- Born: Zimbabwe
- Education: University of California, Los Angeles.
- Occupations: biochemist and conservationist by profession
- Known for: She was the only female candidate for president in the 2023 Zimbabwean general election.
- Political party: Established United Zimbabwe Alliance political party in 2022.
- Mother: Isabel Madangure first woman to contest a presidential election in African history. A descendants of Masvingo's chieftain Mugabe.

= Elisabeth Valerio =

Zimbabwean businesswoman and politician

Elisabeth Isabel Valerio is a Zimbabwean businesswoman and politician who is leader of the United Zimbabwe Alliance (UZA). She was the only female candidate for president in the 2023 Zimbabwean general election.

== Early life and education ==
Elisabeth Valerio was born in Masvingo, Zimbabwe. She grew up in Hwange in Matabeleland North Province. She spent most of her childhood in the mid-1970s in her parents’ grocery store at Machipisa Shopping Center in Highfield.

Valerio attended University of California, Los Angeles.

== Career ==
Valerio is a biochemist and conservationist by profession. She began her career as a biochemist then moved to Hwange, where she became an environmentalist. In 2020, Elisabeth was led a national appeal to Emmerson Mnangagwa to stop coal mining in the Hwange National Park and any other park reserve, the Zimbabwe’s cabinet then announced that no mining would occur within any national park in Zimbabwe. She is the founding Chairperson for the Association for Tourism Hwange.

In 2022, Elisabeth founded of the Entrepreneurial & Leadership Initiative for Sustainability in Africa (ELISA). Elisabeth Valerio established United Zimbabwe Alliance political party in 2022. The party was launched on 16 March 2022 at the Andy Millar Hall in Harare, Zimbabwe.
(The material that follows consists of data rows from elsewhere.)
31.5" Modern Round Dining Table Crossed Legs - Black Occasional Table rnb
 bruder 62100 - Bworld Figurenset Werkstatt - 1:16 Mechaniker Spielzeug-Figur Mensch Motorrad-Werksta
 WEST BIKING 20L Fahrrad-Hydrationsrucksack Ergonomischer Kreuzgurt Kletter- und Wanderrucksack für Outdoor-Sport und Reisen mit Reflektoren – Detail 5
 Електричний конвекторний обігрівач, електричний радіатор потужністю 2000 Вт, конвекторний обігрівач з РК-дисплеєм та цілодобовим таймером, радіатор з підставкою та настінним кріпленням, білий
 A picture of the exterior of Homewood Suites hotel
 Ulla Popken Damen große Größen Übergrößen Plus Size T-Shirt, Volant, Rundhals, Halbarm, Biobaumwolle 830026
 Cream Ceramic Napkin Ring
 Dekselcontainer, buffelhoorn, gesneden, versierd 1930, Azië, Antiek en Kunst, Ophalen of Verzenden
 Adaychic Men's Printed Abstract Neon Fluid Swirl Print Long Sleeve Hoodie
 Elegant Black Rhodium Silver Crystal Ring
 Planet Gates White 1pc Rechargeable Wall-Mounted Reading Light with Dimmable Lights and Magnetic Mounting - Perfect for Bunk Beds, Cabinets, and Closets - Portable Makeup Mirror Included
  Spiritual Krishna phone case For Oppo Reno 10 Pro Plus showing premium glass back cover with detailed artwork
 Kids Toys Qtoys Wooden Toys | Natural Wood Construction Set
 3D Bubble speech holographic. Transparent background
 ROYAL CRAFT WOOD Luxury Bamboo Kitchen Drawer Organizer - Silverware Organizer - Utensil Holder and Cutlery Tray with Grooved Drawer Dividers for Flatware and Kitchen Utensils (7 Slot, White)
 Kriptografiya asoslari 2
Valerio became an official candidate in the 2023 Zimbabwean general election after winning an appeal barring her participation. In the election she came ninth out of eleven candidates.

== Personal life ==
Valerio's mother Isabel Madangure was the first woman to contest a presidential election in African history. They are descendants of Masvingo's chieftain Mugabe.